Hopefully these tips will help inject new life into your speakers and overall listening experience.
Todd Anderson | Aperion Audio
Speakers can be hard to please. Place them at a disadvantage and even the best of the best will underperform, but treat them right and the most modest of models will elevate your listening experience to smile inducing levels. While some of you have probably gone through great lengths to optimize your speakers’ performance, there’s a good chance that most of you haven’t taken the time to dial them in. Luckily, there are a few simple steps you can take to breathe new life into your speakers and unlock their true potential.
Your Room Setup Matters
Believe it or not, your room has a significant effect on the sound you hear coming from speakers – even speakers that cost thousands of dollars can suffer in non-ideal environments. Simply explained, sound leaving a speaker travels straight toward a listener, but it also reflects off room boundaries (floor, walls, windows, etc.). These reflections are a mixed bag of good and bad. On the positive side, reflections can breathe depth and liveliness into the sound you hear. On the negative side, reflections can cause high frequencies to sound harsh and smeared and low frequencies to sound bloated and over-bearing.

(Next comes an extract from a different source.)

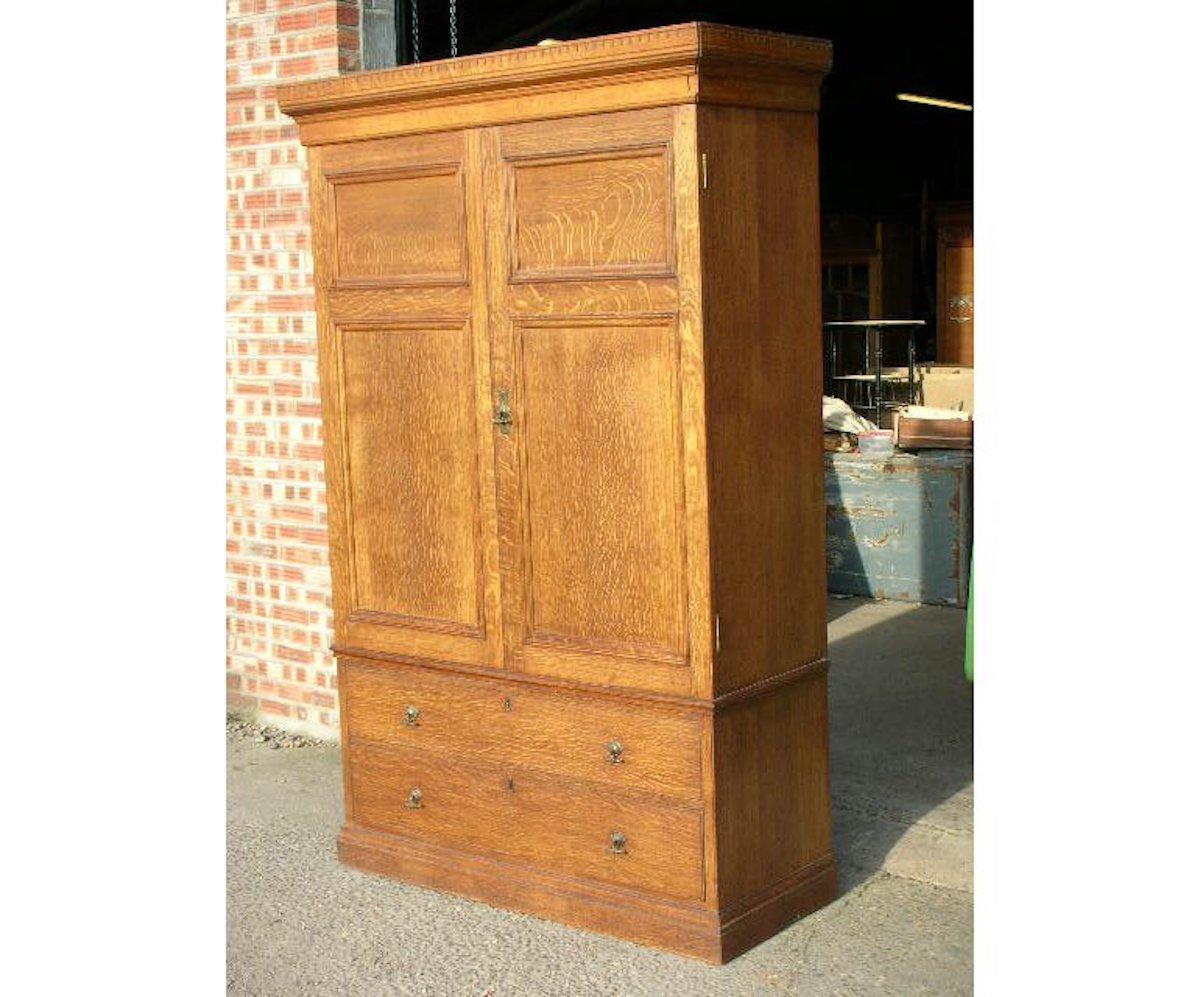 Lamb of Manchester. An Aesthetic Movement Arts & Crafts style compactum armoire wardrobe with castellated cornice and twin fielded panel doors opening to reveal hanging space to the left and four open slides and two smaller drawers to the right with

Minimalist room environments and rooms with lots of windows, glass doors, and large areas of uncovered hard flooring are less than optimal. If you’ve ever experienced loud noise or shouting in a commercial building’s concrete stairwell, then you know how harsh and sonically impaired hard-surfaced environments can be. While that might be an extreme example, the point remains: try to get your speakers in an environment that has a balance of absorption and diffusion. There are some easy and aesthetically pleasing ways to make a room more acoustically desirable. Windows and glass doors should be covered by drapes, throw rugs can be used to cover hard flooring (especially in areas between a speaker and a listener), and bookcases can be placed along side and back walls (back wall should be chosen if only one boundary is possible). Also, make sure your listening couch (or chair) isn’t resting against a wall; pull it away from a wall for a better experience.
There are commercially available sound absorption products that can outperform the home-remedy measures described above. A quick Google search will reveal quite a few companies that sell wall mount acoustic treatments that attack reflection points and bass traps that sit in the corners of rooms. Most companies also sell specialized diffusion products that scatter high frequencies. If you enjoy do-it-yourself projects and have the proper tools, then there are plenty of instructions on the web for building your own treatments and traps using materials that are fairly easy to acquire.

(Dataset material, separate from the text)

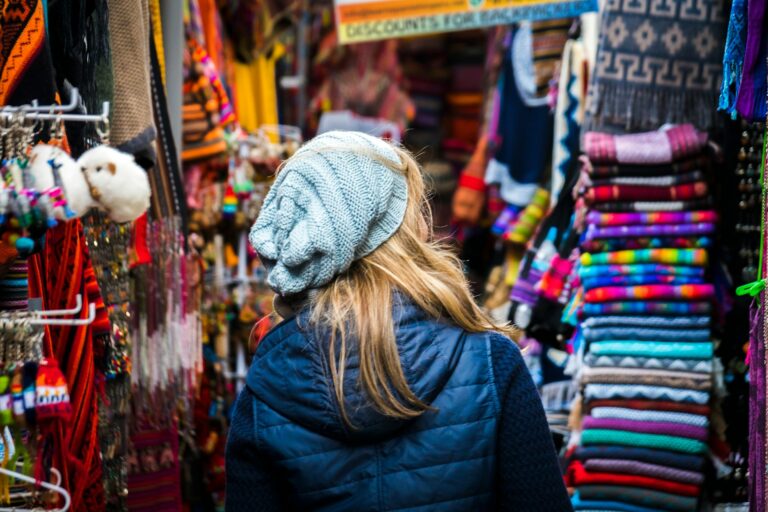 Woman walking through a colorful market.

Finally, take a moment to learn about room calibration software. Room calibration suites (such as Pioneer’s MCACC, Audyssey’s Mult EQ XT32, and Yamaha’s YAPO) can be found on most modern AV Receivers. They use a small microphone to measure the acoustic environment of your room and make adjustments to the receiver’s output in order to help control problem areas. Some of these suites are easier to use than others, but most can have a fairly profound impact on perceived sound quality. If you aren’t using an AV Receiver (or think your receiver’s onboard software is inadequate), then checkout some of the commercially available room correction products from companies like miniDSP or DSPeaker.

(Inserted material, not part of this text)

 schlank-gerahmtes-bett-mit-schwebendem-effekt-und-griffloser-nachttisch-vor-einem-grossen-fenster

Once you have your room squared away, it’s time to think about proper placement of your speakers. When designing the front-end of a two-channel system, it’s important to make sure the sound arrives at the center listening position simultaneously. This means that your speakers need to be symmetrically equidistant from where you typically listen. Use a measuring tape to make sure this distance is exact. The distance between your speakers should be more or less the same as the distance to your listening position (this measurement is speaker brand dependent, so experiment and see what works best). Some speaker manufacturers will suggest optimal speaker distances; check your manual if you have it available. You’ll also want to play with your speakers’ toe-in (again, this is typically speaker specific, so take some time to experiment). Speaker height is also important. In general, you’ll want your ears (when seated) to fall inline with or slightly below the tweeter.
Your speakers’ positioning in relation to front and side walls has a huge impact on stereo imaging and bass response. Jamming your speakers in the corners of a room is ill advised. Try pulling your speakers away from the front and side walls (at least a 1 to 2 feet). This might be a trial-by-error process, but if you take your time you’ll greatly improve imaging and depth.
Multi-channel setups can use the same principles detailed above for arranging the front left and right channels. Your center channel should be placed directly between the front channels and slightly back (creating a minor arc). The best possible scenario will have all front tweeters at the same height. Try to continue with the theme of symmetry when positioning your left and right surround speakers. These speakers are best placed directly beside or slightly behind the primary listening position, elevated about two feet above the listener when seated. Rear speakers should also be elevated and can be placed on the rear wall.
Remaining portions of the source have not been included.